Buraya kadar hep olumlu yönlerden bahsederek yazdım. “Peki hiç mi olumsuz yönü yok?” diyebilirsiniz; var. Okulda çok daha başarılı notlar alabilecekken vasat notlarla geçtiğim çok ders oldu. Ancak şimdiye kadar hiçbir dersten kalmadım. Çalıştığım süreleri hep verimli kullanmaya çalıştım. Önümüzde, geleceğimizde yapmamız gereken o kadar çok şey var ki. Bunları görünce, şu genç yaşımızda yoruldum demeye utanmalıyız. Aile kısmına gelecek olursak… Ailemle çok daha az vakit geçirmek mecburiyetinde kalmam gereken zamanlar oldu. Bir keresinde annemin tüm gün uğraşıp hazırladığı yemek sofrasında sadece 5 dakika kalabilmiştim. Sanırım ömür boyu aç kalacağım, asla doymayacağım bir sofra olarak aklımda yer edinecek o sofra. Ama şunu söyleyebilirim ki, başarının en güzel yanı, ailenizin sizinle gurur duyduğunu hissettiğiniz, çevrenizdekilerin size ışıltılı gözlerle baktığı o an oluyor. O yaşlı gözleri görünce, iyi ki buradayım diyorsunuz. 

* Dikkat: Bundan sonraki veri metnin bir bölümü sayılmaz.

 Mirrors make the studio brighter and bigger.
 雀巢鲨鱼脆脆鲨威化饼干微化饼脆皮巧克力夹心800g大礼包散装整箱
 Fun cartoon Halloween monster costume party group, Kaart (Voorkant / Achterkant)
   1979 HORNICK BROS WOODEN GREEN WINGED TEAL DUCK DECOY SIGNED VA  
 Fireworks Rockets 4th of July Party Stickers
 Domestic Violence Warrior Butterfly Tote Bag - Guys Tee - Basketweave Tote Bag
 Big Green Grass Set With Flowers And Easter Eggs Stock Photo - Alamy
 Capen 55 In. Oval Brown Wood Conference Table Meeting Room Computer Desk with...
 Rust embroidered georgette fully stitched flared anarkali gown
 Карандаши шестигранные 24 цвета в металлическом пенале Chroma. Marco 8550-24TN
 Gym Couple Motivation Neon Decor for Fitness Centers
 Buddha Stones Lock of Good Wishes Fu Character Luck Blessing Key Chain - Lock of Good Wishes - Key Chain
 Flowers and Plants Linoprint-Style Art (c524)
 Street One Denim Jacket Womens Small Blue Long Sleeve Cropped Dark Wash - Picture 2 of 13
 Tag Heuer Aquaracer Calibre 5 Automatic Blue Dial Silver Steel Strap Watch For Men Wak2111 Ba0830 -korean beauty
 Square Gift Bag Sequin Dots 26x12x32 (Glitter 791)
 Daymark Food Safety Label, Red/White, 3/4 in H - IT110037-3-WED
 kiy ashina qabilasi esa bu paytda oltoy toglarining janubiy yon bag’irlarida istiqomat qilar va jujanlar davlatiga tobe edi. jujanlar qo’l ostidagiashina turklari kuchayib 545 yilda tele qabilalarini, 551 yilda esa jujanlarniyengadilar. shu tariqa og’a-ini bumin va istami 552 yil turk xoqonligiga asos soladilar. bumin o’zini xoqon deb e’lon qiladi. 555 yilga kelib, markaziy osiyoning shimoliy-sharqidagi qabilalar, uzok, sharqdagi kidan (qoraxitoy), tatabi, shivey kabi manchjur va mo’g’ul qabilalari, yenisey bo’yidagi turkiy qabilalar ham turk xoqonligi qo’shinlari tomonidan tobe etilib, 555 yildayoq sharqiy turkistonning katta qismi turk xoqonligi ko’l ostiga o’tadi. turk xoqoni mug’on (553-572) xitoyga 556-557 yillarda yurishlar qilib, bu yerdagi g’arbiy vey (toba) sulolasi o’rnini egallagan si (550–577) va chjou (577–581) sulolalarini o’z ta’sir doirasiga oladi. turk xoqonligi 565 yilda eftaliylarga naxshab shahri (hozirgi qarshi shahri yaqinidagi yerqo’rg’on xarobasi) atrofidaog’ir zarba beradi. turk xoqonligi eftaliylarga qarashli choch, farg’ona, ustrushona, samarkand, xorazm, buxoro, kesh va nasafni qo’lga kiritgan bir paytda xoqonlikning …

Gel gelelim projenin sonuç kısmına. Sonucu başarılı da olsa başarısız da olsa tüm girişimler deneyim kazandırır. Bu deneyim, başarı kaynaklı ise daha çok başarmaya; başarısızlık kaynaklı ise tekrar deneyip başarmaya itecektir. Nelson Mandela “Ben asla yenilmem!” der. Böyle bir söz normal şartlarda egolu, iddialı bir söz olarak algılanabilir. Ancak sözün devamı şöyle; “Ya kazanırım, ya da ders alırım!” 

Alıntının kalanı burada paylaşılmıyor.